弊社ヘルスケア担当との面談をご希望の方は、喜田までお気軽にご連絡ください。
1.今月のピックアップ求人
直近お預かりした求人は非公開求人が非常に多く、ホームページ掲載がかなわない求人ばかりとなりました。
詳細は御面談の際にお伝えしますが、以下のような求人がございます。
① 中堅日系製薬メーカー 生産渉外部長
自社での製造販売に加えて、医薬品受託製造を行っている企業でのポジションとなります。医薬品生産委受託関連の受託、委託先との価格などの交渉、契約締結等全般、その後のルーチン業務も管理頂く組織のマネジメントポジションです。
【想定年収】1200万円~1400万円
② ベンチャーキャピタル投資先 創薬ベンチャーCEO
スタートアップフェーズの創薬ベンチャーでのCEOポジションです。2022年に設立された核酸をベースにした創薬の種を持つ大学発ベンチャーです。
まだ投資フェーズとしてはシードラウンドとなります。ご自身で事業戦略~導出交渉等ハンズオンで携わって頂くことが可能です。
【想定年収】1000万円前後+株式を検討
③ 日系CDMO 事業開発担当者
日系大手機械メーカー内で重要な新規事業として位置づけられている医薬品受託製造事業(CDMO)にて事業開発担当者(営業・マーケティング担当)の募集です。同社が買収したmRNA、およびmRNA医薬品のCDMO事業の国内外における事業開発・営業・マーケティング活動等、幅広く担っていただきます。
【想定年収】800万円前後
④ 製剤開発部長
富山県所在の国内中堅製薬企業にて、製剤開発組織のマネジメントをになって頂ける人材を探しております。同社は医療用医薬品のみならず、一般用医薬品や受託製造等幅広く対応をしております。

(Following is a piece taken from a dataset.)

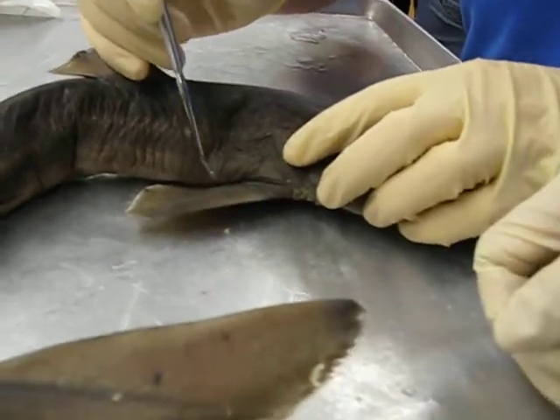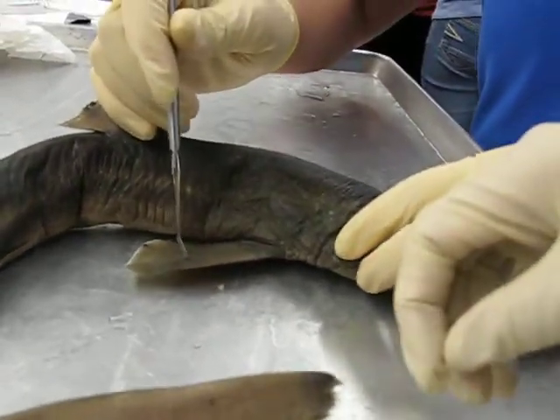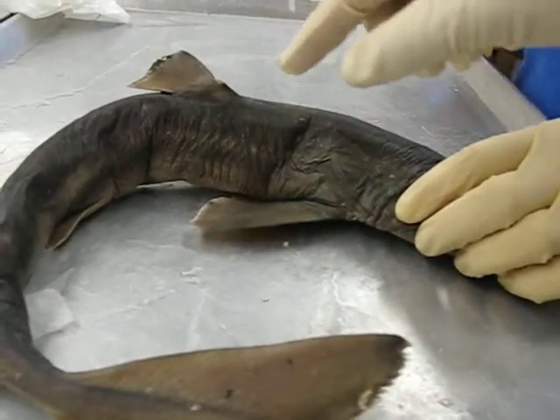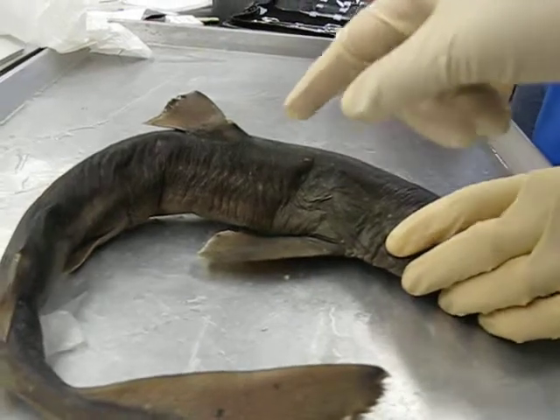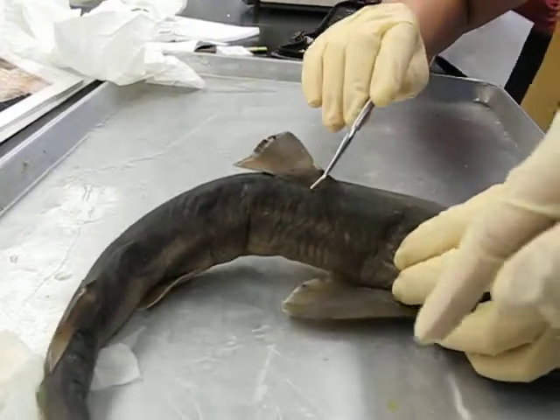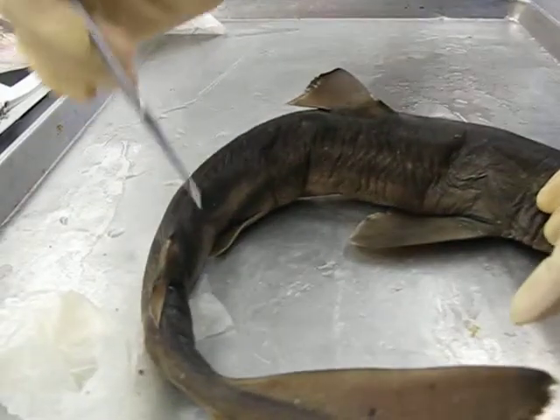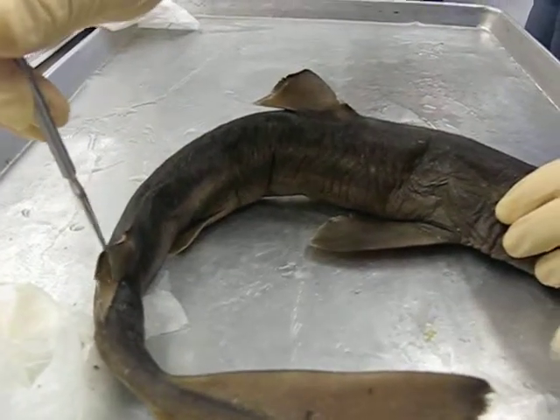What is this? The pectoral fin. We're going to do that at open lab. The fin spine is right here, the dorsal fin, and then the posterior dorsal fin.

事業規模としては、非常に大きく幅広い企業群です。業界のシニア人材にお越し頂き、組織全体の底上げを期待されているポジションとなります。
【想定年収】1100~1300万円
⑤ 外資系製薬メーカー医療政策シニアマネージャー
外資系の医薬品メーカーにて、医療政策部門の募集となります。特にコンサルティングファームご出身をサーチ対象としており、医療政策のオペレーションのみならず会社全体の医療政策の方向性を策定し、実施に向けた施策を実行できる方を探しております。
【想定年収】1300~1600万円
2.ヘルスケア業界ニュース
キャリアインキュベーションヘルスケアチームでは、自社ブログ以外にもLinkedInで頻繁に業界ニュースを発信しています。2024年年末までに発信したニュースを総括しました。早期退職のニュースがひと段落し、未来に向けた事業展開や新しいビジネス、製品等のニュースが目立つ1か月でした。採用市場としては、4月入社を目指す動きが既に活性化しております。また前項目の求人にも記載しましたが、VCよりCEOサーチの案件をお問合せ頂くケースも増えております。全体的に50代前後をターゲットにしたシニア人材のサーチ依頼も増えております。例年、冬季ボーナス前後は転職をお考えになる方も多い時期ですので、是非お気軽にお問合せください。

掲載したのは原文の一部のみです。